* Information supplied:
########

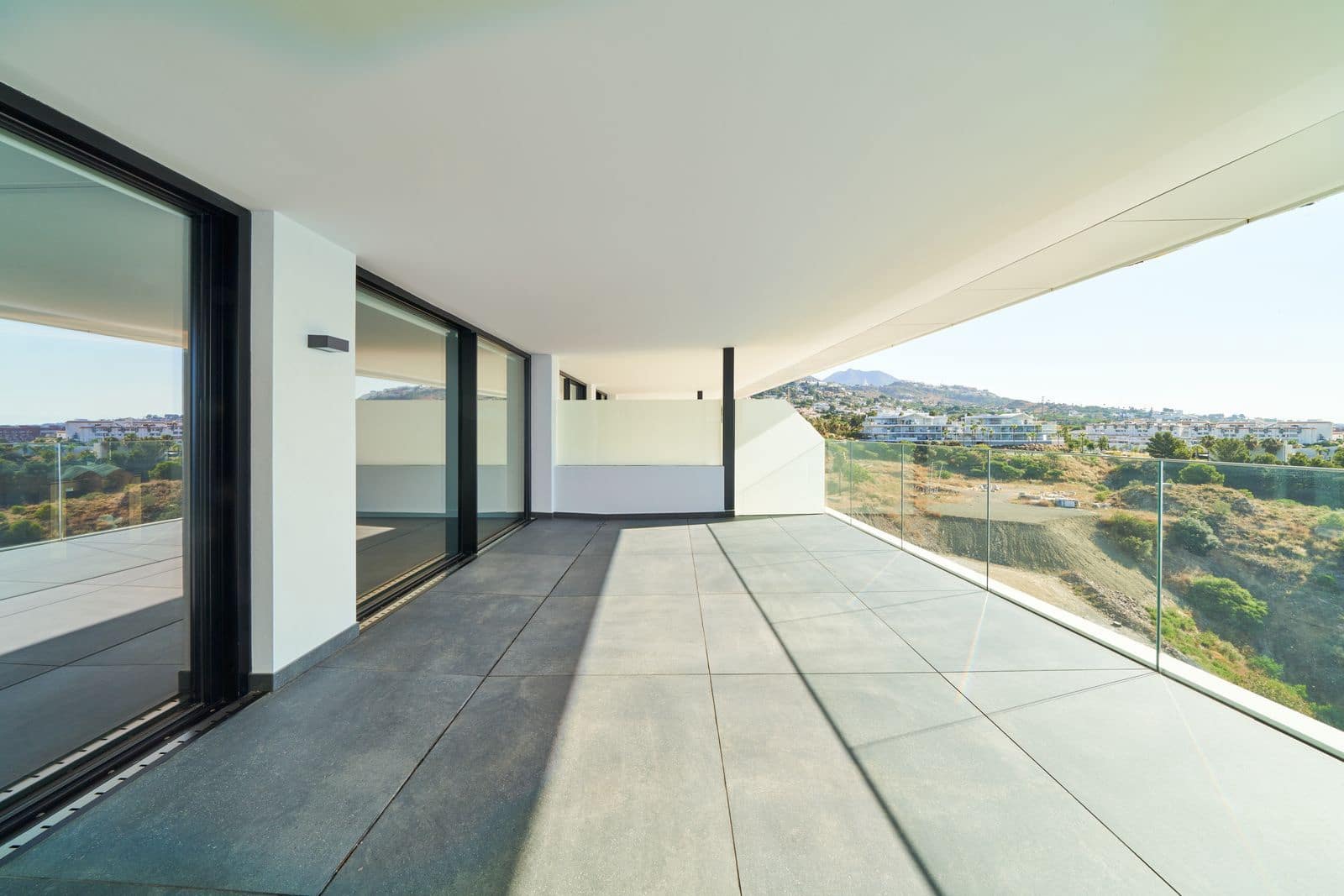 2 bedroom Apartment for sale in Fuengirola with pool garage - € 1,025,000 (Ref: 9672531)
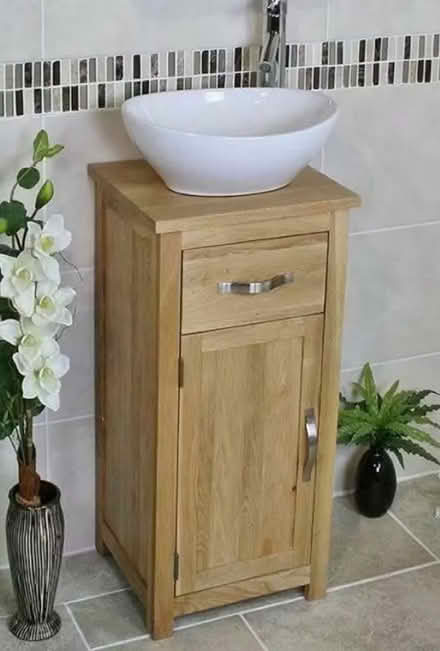 Photo of small vanity sink unit (Headington OX3) #2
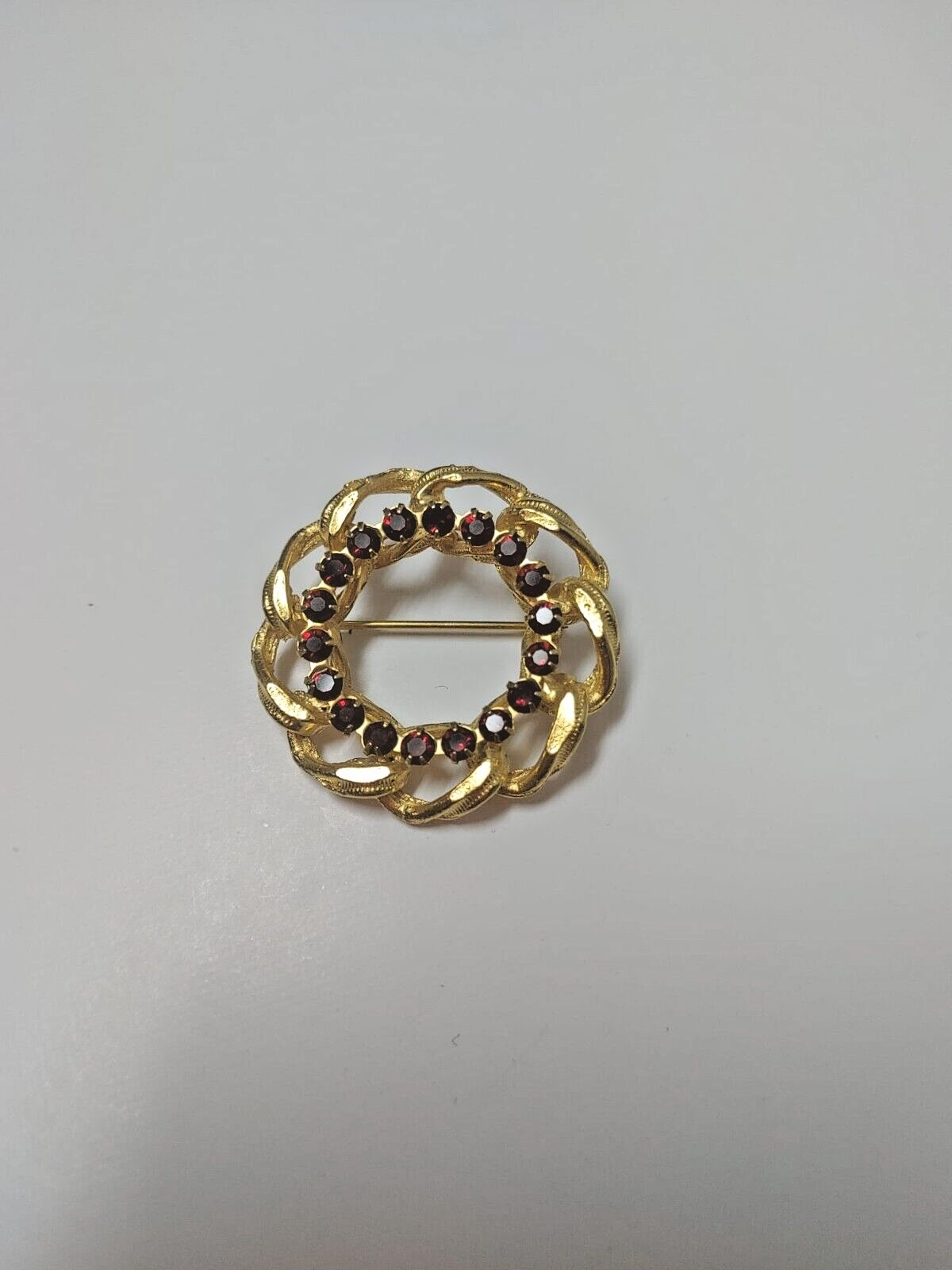 Vintage 1960s Gold Plated Garnet Rhinestone Circle Pin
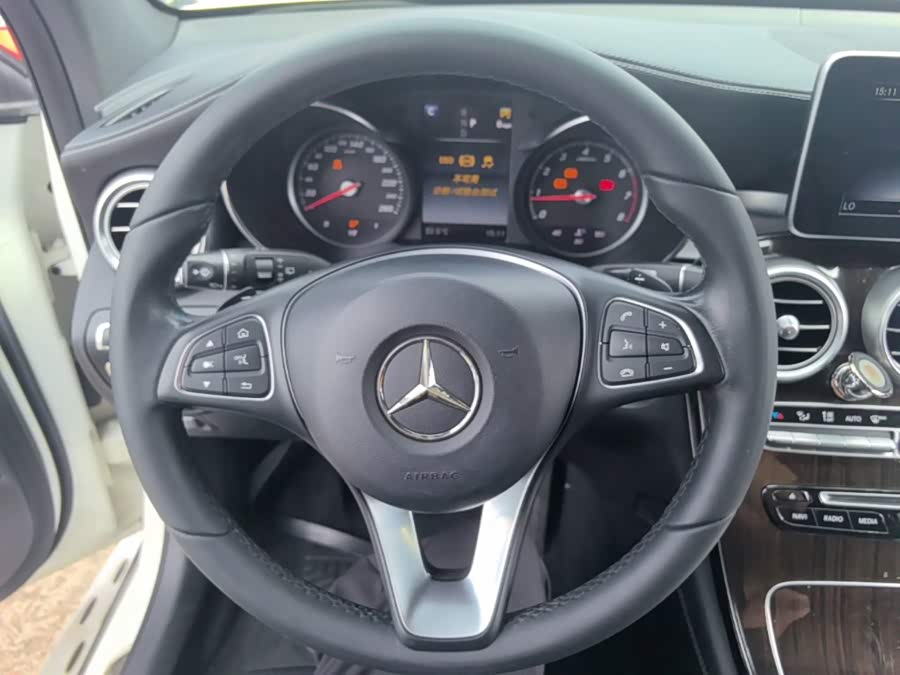 Mercedes-Benz GLC 2018 — фото 11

########

* What you should do:
Set down the data above verbatim, omitting every image.

* Written response:
 2 bedroom Apartment for sale in Fuengirola with pool garage - € 1,025,000 (Ref: 9672531)
 Photo of small vanity sink unit (Headington OX3) #2
 Vintage 1960s Gold Plated Garnet Rhinestone Circle Pin
 Mercedes-Benz GLC 2018 — фото 11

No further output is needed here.